Starting at the line with "Trumpeter Aircraft-Antonov An-2" and ending at the line with "دانلود آهنگ داش مهدی محسن لرستانی", print exactly the lines of the entries below. Pictures do not belong in the copy.
Start of DATA FOR THIS EXERCISE
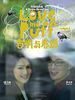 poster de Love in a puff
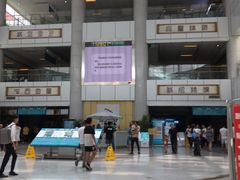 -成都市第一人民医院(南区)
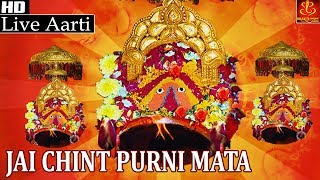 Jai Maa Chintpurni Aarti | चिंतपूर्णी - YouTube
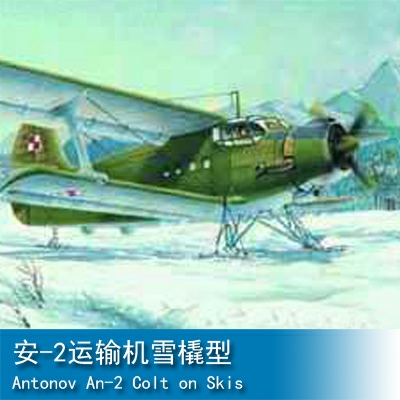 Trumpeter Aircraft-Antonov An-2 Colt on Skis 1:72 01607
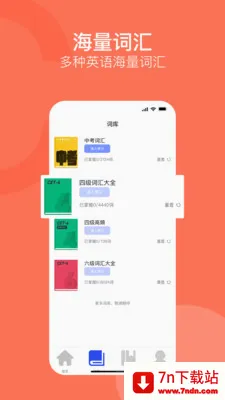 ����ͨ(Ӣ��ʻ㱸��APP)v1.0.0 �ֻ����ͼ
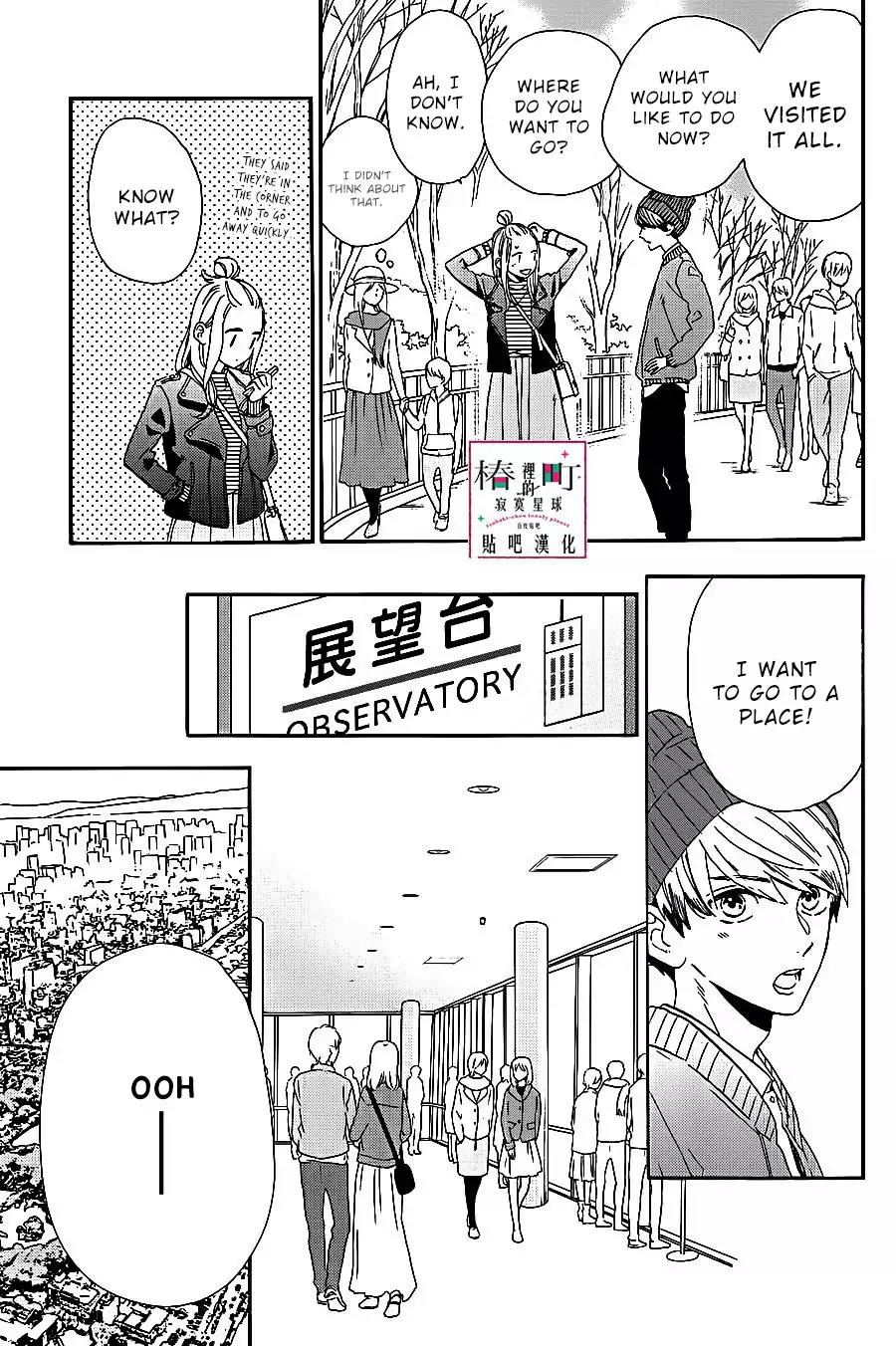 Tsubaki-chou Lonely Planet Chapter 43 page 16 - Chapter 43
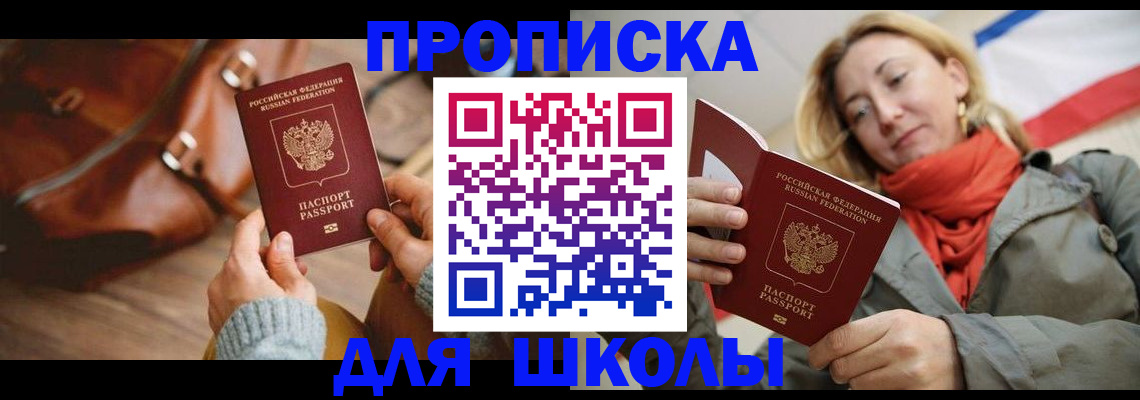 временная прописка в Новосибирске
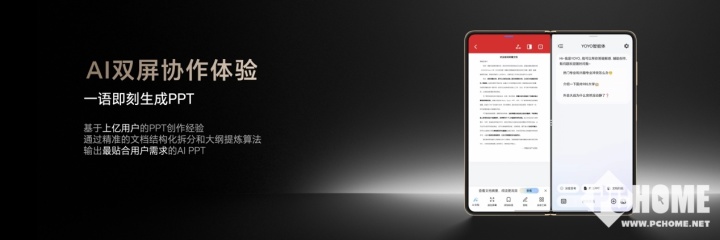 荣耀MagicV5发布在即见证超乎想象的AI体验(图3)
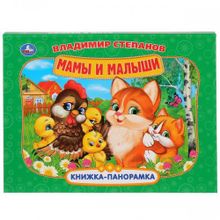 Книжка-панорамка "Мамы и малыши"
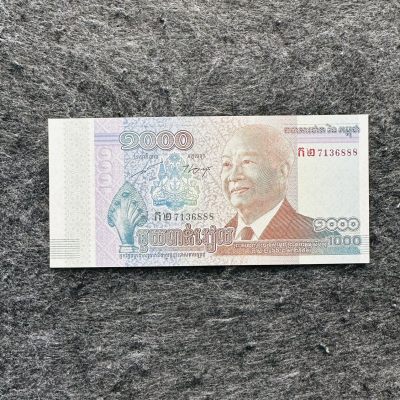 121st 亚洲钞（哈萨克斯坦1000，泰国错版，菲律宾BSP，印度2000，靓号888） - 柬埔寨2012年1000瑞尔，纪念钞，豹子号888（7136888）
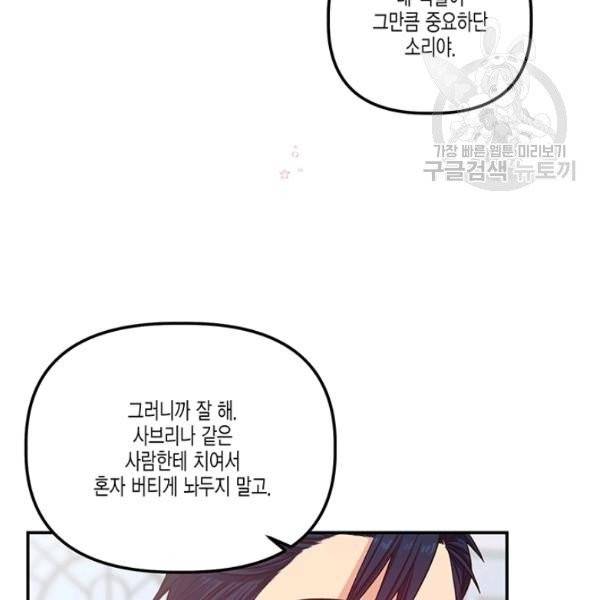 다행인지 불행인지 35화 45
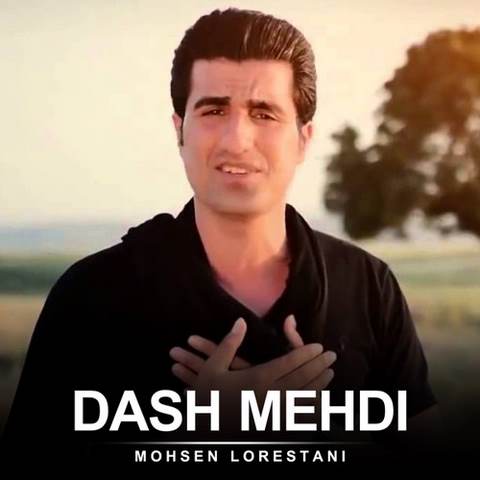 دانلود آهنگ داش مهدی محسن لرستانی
End of DATA FOR THIS EXERCISE
Start of DATA FOR THIS EXERCISE
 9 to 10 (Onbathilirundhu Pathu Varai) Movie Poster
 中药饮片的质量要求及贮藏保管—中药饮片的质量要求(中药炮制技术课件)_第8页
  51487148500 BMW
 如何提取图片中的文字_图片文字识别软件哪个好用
End of DATA FOR THIS EXERCISE
EXERCISE ANSWER:
 Trumpeter Aircraft-Antonov An-2 Colt on Skis 1:72 01607
 ����ͨ(Ӣ��ʻ㱸��APP)v1.0.0 �ֻ����ͼ
 Tsubaki-chou Lonely Planet Chapter 43 page 16 - Chapter 43
 временная прописка в Новосибирске
 荣耀MagicV5发布在即见证超乎想象的AI体验(图3)
 Книжка-панорамка "Мамы и малыши"
 121st 亚洲钞（哈萨克斯坦1000，泰国错版，菲律宾BSP，印度2000，靓号888） - 柬埔寨2012年1000瑞尔，纪念钞，豹子号888（7136888）
 다행인지 불행인지 35화 45
 دانلود آهنگ داش مهدی محسن لرستانی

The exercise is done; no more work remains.